More equities operatives from Goldman Sachs are heading for the door, potentially to Jefferies, with Australia and New Zealand head of sales Will Allott and head of hedge fund sales Aaron Piercy both resigning on Tuesday.
Mr Allott, who joined the bank in 2017 after working at CBA, resigned on Tuesday, as did Mr Piercy, who joined as an executive director from Bank of America in 2019.
Nicholas Thomson, based in Melbourne, also resigned this week as an institutional equities operative to join Jefferies Australia.
He also previously worked at CBA.
Only last week, the Goldman Sachs head of equities for Australia and New Zealand, Mario Argyrides, resigned from the Wall Street bank to join Jefferies Australia.
Mr Argyrides worked for Goldman Sachs since September 2017, joining from Macquarie Group.

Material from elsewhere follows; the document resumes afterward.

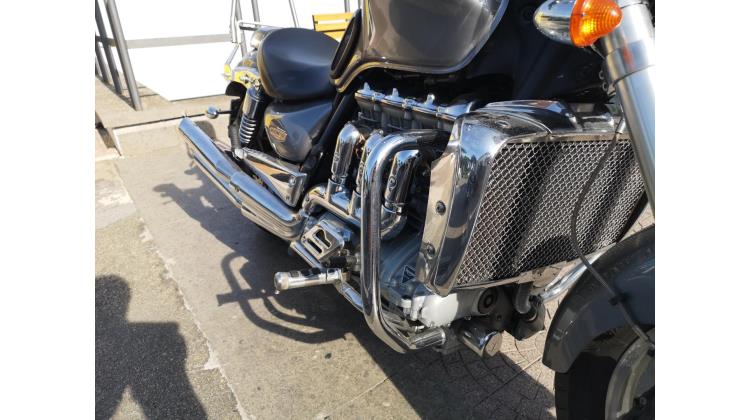 Triumph Rocket Iii CRUISER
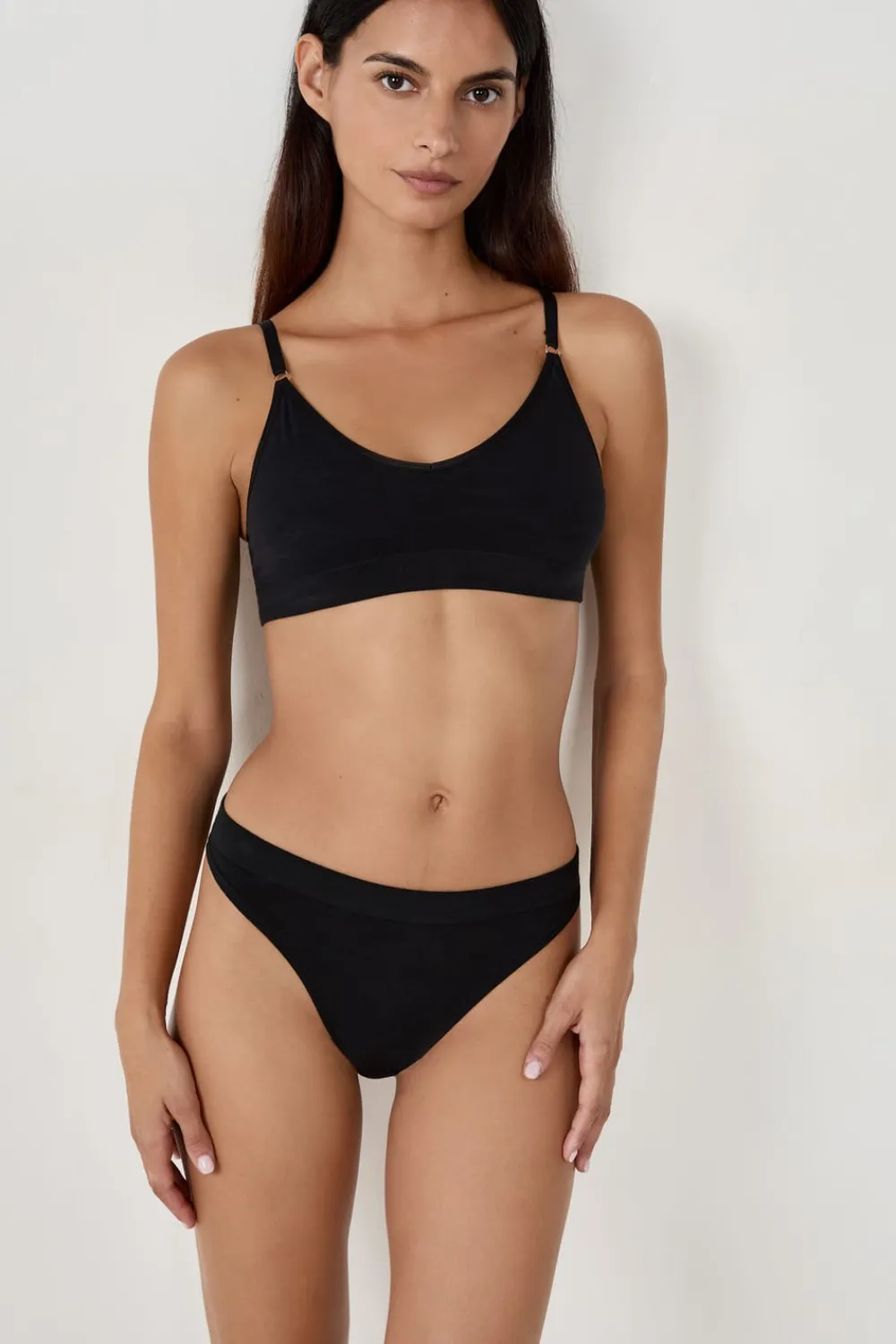 Discount ETAM Cómodo tanga de algodón NEGRO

It follows the departure of Mike Johnson as head of equity sales and Andrew Norman as head of equities from Jefferies Australia in recent weeks.
Sources around the market now question whether the Jefferies raid could spark a fresh merry-go-round of bankers after Jarden and Barrenjoey’s launch in 2020 saw numerous movements among top deal makers, analysts and ECM operatives.
The Australian reported that the equities and research business of Jefferies Australia began after the firm conducted a bold raid of CLSA’s local operations, poaching about 25 employees.
Since setting up here, Jefferies now accounts for about 2 per cent of trading across the ASX and Chi-X Australia, given the firm doesn’t participate in high-frequency and other lower margin trading activities.
On another measure, it has about 6.5 per cent of total fund manager wallet.
Accounts lodged with the corporate regulator showed Jefferies Australia generated $102.9m in revenue on a consolidated basis, and net profit of $7.8m for the 12 months ended November 30.
That compared to $127.5m revenue and a $36m profit in the prior corresponding period.
The firm has continued to expand, however, and after setting up an office in Melbourne last year now has about 10 people stationed there.
Across its Australian offices, Jefferies employs about 130 people.
The firm’s local advisory business has mandates including advising private equity giant KKR in its quest to buy Perpetual’s corporate trust and wealth management units.